When Jonathan Chase chanced upon a dinosaur being hauled on a trailer truck, he took photos and posted them on Facebook with a rather witty caption. Aiming to be funny without really revealing the punch line, he wrote this:
This is an outrage. This beautiful, endangered Tyrannosaurus Rex was bound to a trailer, unable to move for 30hrs. This is animal cruelty, at its worst. The perpetrators of this horrible act should be fined, and their rights to own exotic and domestic animals should be stripped from them.
Please help me raise awareness about this heinous injustice. Dinosaurs are animals too, and they deserve our love and care. How would you feel if you were bound to the back of a truck for 30hrs?
Share this photo and help bring a stop to cruelty towards our beloved Jurassic friends.
Did you get the joke? It is funny, right? However, as The DailyPedia pointed out, a lot of netizens just did not get the joke and could not understand why Chase posted a photo of a dinosaur, thinking it was for real.

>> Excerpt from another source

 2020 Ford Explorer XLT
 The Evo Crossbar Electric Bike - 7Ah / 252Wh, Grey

The photos soon sparked a massive debate, with people putting in their opinions – ranging from how stupid Chase was for believing dinosaurs are real to explaining to Chase that dinosaurs have been extinct. Some were laughing after realizing the joke while others laughed at the “stupid” commenters who were trying to educate Chase about the existence of dinosaurs. There were also others who asked whether the photo was for real.
It is amazing how people fell for the joke – but more amazing that thousands of people just did not get the joke. Chase was hit for being stupid to believe that the T-rex he pictured bound for 30 hours had been real when, if you really read his caption, you would understand that he was delivering a joke with a straight face.

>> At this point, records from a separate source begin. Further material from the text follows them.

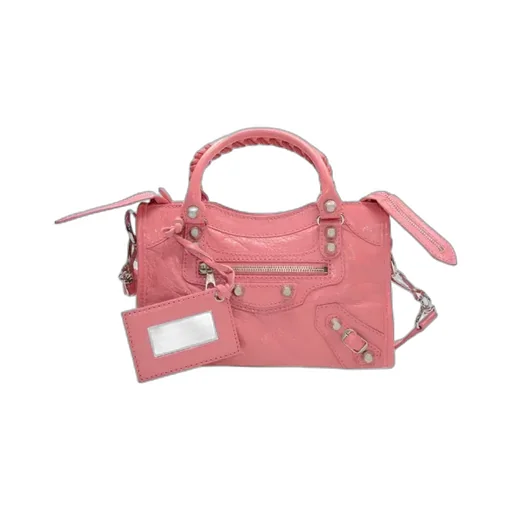 Pink Lambskin Handbag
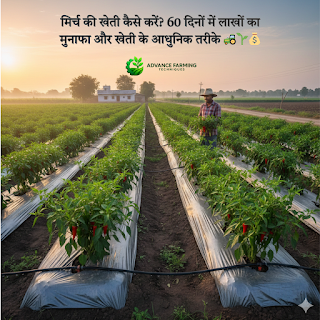मिर्च की खेती कैसे करें? 60 दिनों में लाखों का मुनाफा और खेती के आधुनिक तरीके 🚜🌱💰 1 260278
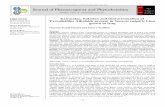 E-ISSN: Extraction, isolation and characterization of JPP ... · ~ 30 ~ Journal of Pharmacognosy and Phytochemistry chloroform layer which was separated and evaporated under reduced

Of course, there were many people who got the joke and commented witty remarks about freeing the dinosaurs, taking one as pet, etc. They also crafted witty comebacks for those who were too serious to understand Chase’s post.

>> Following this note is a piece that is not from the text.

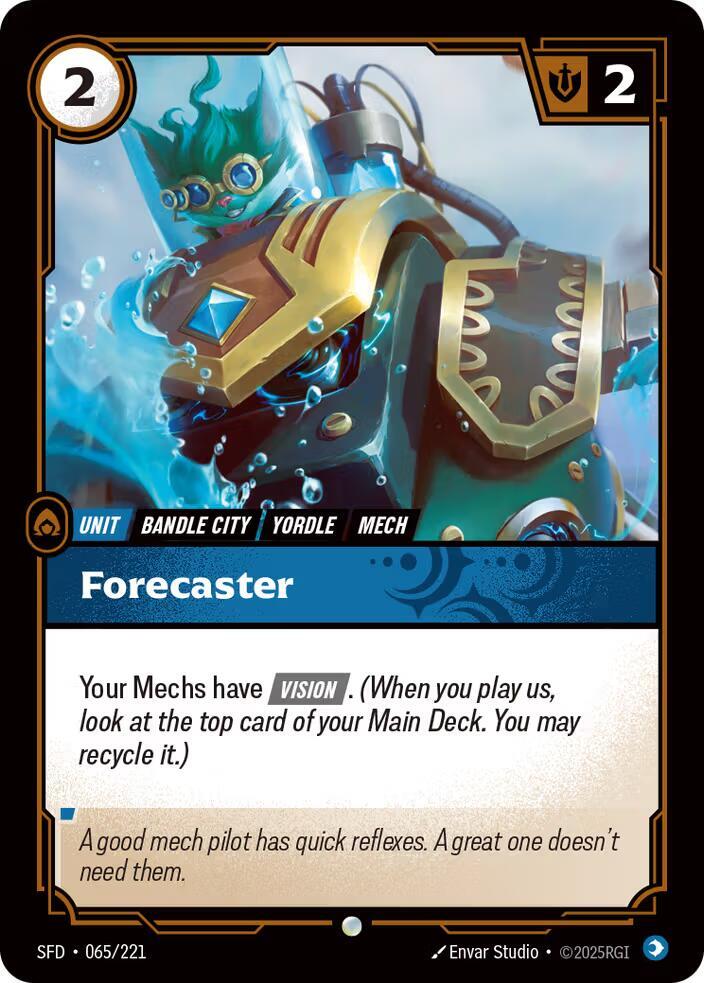 Forecaster (065/221 - Common) [Riftbound TCG: Spiritforged]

Satirical or Sarcastic Writing Style
Irony or sarcasm in writing has long been employed in literature. In fact, according to How Stuff Works, great writers such as Mark Twain, William Shakespeare, and Geoffrey Chaucer have employed the technique in various works. French philosopher Voltaire was also know to use sarcasm to prove his point or to disprove others.
The same article reveals, however, that “Sarcasm is often even less understood in online communication.” This holds true – just like the story of Chase’s dinosaur post. Many online readers often take what they read at face value, without realizing that the author had been using irony in the post.
The article perfectly sums it all up by repeating the axiom, “Sarcasm is the lowest form of wit, but the highest form of intelligence.”